## Instructions to follow
The answer must be every line below that contains the string "Color".

[Scraped caption text data]
------------------------

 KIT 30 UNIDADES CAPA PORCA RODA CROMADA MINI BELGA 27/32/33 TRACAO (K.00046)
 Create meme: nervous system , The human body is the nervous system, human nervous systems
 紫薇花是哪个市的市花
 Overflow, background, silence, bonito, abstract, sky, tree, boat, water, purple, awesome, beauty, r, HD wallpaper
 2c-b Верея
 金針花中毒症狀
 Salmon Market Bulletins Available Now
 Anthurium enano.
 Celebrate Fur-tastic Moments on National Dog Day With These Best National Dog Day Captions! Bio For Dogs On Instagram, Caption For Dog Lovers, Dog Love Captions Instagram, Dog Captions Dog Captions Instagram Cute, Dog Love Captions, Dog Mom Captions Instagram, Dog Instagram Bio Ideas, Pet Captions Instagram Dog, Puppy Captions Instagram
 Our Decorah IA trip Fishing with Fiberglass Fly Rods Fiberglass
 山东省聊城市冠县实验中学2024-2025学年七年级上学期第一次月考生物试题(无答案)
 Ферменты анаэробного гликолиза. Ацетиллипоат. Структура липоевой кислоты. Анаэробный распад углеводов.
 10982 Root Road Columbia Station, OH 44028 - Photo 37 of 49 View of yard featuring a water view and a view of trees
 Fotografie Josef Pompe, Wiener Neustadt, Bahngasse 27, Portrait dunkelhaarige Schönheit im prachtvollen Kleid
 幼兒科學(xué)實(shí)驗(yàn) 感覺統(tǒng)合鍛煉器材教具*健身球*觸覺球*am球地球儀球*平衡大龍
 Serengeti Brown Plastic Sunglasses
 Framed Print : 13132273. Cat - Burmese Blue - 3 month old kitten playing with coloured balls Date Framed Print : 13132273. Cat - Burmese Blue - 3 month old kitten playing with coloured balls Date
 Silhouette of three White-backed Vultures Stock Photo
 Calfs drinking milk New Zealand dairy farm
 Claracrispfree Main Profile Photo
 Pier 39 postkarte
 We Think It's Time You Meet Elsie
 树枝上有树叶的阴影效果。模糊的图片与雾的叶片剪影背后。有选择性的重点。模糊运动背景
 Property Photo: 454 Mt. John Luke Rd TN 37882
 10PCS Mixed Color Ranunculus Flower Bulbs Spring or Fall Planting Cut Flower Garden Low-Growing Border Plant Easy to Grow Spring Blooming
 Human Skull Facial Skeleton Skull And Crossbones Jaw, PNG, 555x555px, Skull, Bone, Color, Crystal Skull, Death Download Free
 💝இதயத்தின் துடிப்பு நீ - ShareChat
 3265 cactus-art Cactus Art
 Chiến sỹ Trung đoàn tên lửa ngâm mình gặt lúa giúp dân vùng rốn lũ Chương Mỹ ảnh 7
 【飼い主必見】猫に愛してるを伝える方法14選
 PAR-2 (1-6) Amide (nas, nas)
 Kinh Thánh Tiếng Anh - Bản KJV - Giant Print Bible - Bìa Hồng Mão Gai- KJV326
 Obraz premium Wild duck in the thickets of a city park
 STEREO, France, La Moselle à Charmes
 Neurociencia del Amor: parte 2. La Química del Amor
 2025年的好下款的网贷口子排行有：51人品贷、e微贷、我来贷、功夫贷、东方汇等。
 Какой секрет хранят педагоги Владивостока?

------------------------

## Answer box
 10PCS Mixed Color Ranunculus Flower Bulbs Spring or Fall Planting Cut Flower Garden Low-Growing Border Plant Easy to Grow Spring Blooming
 Human Skull Facial Skeleton Skull And Crossbones Jaw, PNG, 555x555px, Skull, Bone, Color, Crystal Skull, Death Download Free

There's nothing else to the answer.